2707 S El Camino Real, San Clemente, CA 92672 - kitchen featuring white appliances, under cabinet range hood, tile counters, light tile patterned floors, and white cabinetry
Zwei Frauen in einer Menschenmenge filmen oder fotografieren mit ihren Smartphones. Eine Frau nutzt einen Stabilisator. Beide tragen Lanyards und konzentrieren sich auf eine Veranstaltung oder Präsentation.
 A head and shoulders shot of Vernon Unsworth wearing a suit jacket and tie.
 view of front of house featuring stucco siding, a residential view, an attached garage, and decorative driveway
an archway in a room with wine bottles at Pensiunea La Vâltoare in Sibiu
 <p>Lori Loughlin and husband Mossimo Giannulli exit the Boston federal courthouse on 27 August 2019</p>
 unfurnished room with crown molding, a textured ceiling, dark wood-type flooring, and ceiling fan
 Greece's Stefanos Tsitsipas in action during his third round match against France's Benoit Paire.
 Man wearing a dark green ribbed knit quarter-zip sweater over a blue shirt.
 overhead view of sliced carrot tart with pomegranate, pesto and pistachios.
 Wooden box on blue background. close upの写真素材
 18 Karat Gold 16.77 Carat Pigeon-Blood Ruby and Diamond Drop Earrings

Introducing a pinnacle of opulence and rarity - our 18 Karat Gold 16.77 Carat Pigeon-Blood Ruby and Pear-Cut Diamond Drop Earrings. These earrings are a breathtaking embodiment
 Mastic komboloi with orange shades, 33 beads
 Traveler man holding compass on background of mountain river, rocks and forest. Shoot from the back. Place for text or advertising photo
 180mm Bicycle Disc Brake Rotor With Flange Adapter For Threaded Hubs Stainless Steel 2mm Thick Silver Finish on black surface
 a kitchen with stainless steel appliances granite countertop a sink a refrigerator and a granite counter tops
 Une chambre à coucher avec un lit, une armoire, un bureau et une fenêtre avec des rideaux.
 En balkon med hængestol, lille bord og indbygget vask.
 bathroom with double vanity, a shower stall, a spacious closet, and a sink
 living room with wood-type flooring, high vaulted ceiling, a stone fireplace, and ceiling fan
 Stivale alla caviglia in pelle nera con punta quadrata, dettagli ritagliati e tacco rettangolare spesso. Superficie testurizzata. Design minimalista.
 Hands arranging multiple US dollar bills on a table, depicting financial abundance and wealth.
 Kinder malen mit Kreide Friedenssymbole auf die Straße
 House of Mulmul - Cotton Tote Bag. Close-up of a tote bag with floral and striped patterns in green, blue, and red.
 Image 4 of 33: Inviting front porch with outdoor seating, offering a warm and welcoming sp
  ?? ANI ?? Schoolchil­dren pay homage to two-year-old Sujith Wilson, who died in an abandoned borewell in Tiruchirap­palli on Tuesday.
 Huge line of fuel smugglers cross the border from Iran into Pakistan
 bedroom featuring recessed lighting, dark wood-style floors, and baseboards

------------------------------------------------

Problem description →
Pull every line containing the string "Blood" out of the data above and copy it.

Completed task →
 18 Karat Gold 16.77 Carat Pigeon-Blood Ruby and Diamond Drop Earrings
Introducing a pinnacle of opulence and rarity - our 18 Karat Gold 16.77 Carat Pigeon-Blood Ruby and Pear-Cut Diamond Drop Earrings. These earrings are a breathtaking embodiment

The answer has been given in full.